Muchas mujeres con nombres y apellidos concretos se comprarán el perfume sin ser conscientes del poderoso influjo que ejercen sobre ellas el arquetipo de la ninfa y el bosque oscuro que hay detrás de las flores rosas. Y se rociarán el cuerpo con el perfume sin saber, que cuando se han hecho con el frasco, también han querido comprar y han adquirido unas gotas de Melibea, de Ofelia, de Julieta o de la Justine de Sade.
Muchos son los hombres que perderán su nombre y apellido concretos para convertirse en masa que sustenta con ardor guerrero la lucha que tiene lugar en el foso del estadio de fútbol. Y, durante unas horas, lanzarán al aire himnos con voces profundas y valerosas y alentarán a su equipo y al capitán convertidos en coro fervoroso.

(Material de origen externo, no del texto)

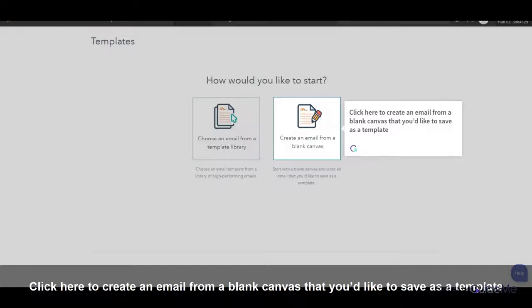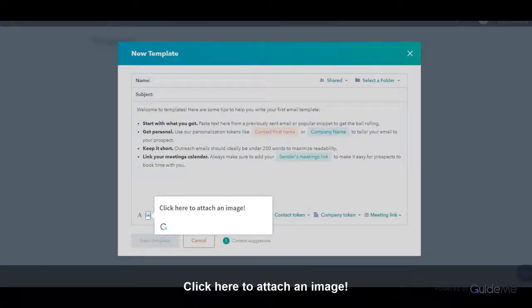Click here to create an email from a blank canvas that you'd like to save as a template. Click here to attach an image.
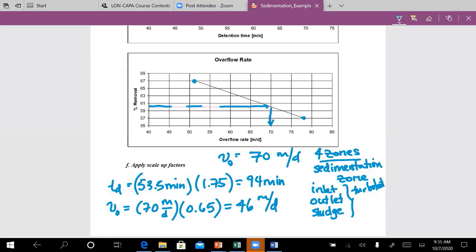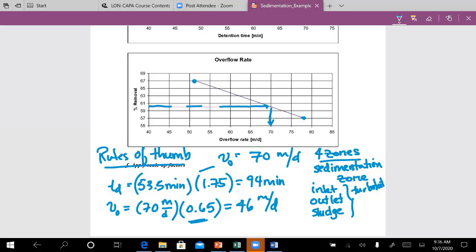Q: Where did the 0.65 come from? These are rules of thumb, simply based on experience. Based on experience, we know we should increase our detention time by about 75% and decrease our overflow rate by multiplying by 0.65. You'll see this throughout water and wastewater treatment design — many recommendations in the textbook are really rules of thumb based on years of experience designing hundreds and thousands of these units.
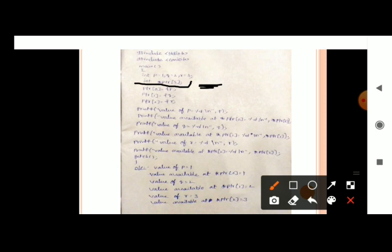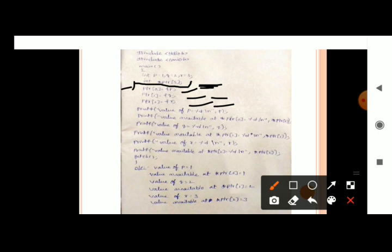Out of 5, I will assign 3 pointer array elements. PTR[0] = &p, PTR[1] = &q, PTR[2] = &r. That means PTR[0] contains the address of p, PTR[1] contains the address of q, PTR[2] contains the address of r. If you print PTR[0], it prints the address of p. If you want to access the value of p through the pointer, use star PTR[0]. PTR[0] is the address of p, so star PTR[0] gives the value of p.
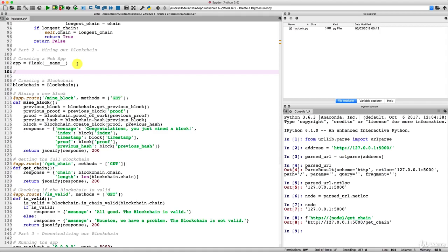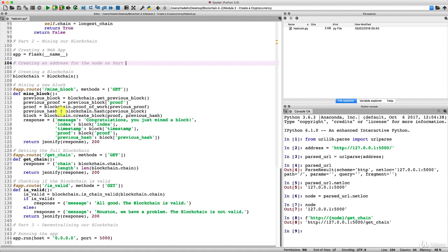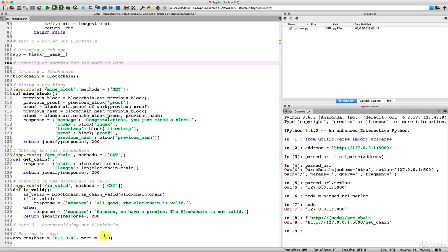Just between creating the web app and creating the blockchain, we're going to add a comment and create an address for the node on port 5000. We have a different port for each node, and since we're starting with port 5000, this node — the one we're integrating the whole blockchain on — will be the node on port 5000.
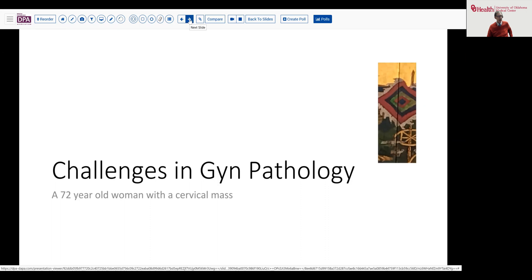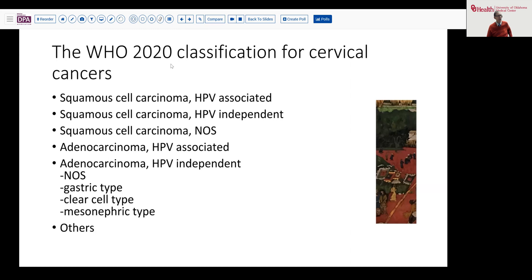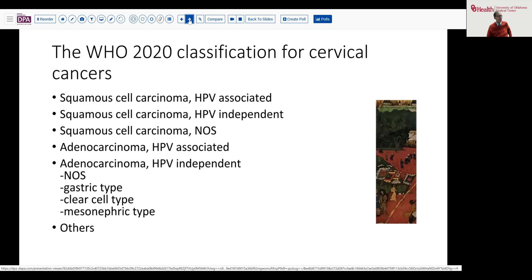The reason I'm bringing this case up is not because it's a diagnostic challenge, but because there's an area of development that I think is important for you to know about. In 2020, the classification for cervical cancers was modified, particularly for adeno and squamous carcinomas, to differentiate between HPV-associated and HPV-independent carcinomas. We preserve a category where we can't classify the type, and we know some adenocarcinoma subtypes fall in the HPV-independent category. This underscores the need to consider appropriate age groups and classification for each carcinoma biopsy.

Unos metros después de la parada de autobús de la calle bilbaína del Muelle de la Merced, hay una fachada con unos soportales formados por unos arcos de piedra. El transeúnte que gire su cabeza para asomarse y mirar se encontrará con la siguiente estampa: unos escaparates enormes, acristalados, pulidos y brillantes de una tienda súper-moderna de muebles de diseño. En este caso, el fondo del cuadro es tan poderoso que acapara por completo nuestra atención. Por eso, habrá que estar muy atento para advertir, que en el marco inferior del cuadro que forma el escaparate, aún hay más paisaje urbano: dos o tres cuerpos enrollados en mantas y sacos de dormir, una litrona de cerveza medio llena y otra medio vacía, cartones que absorben la humedad del suelo de baldosas con forma de flor, típicas de esta ciudad portuaria.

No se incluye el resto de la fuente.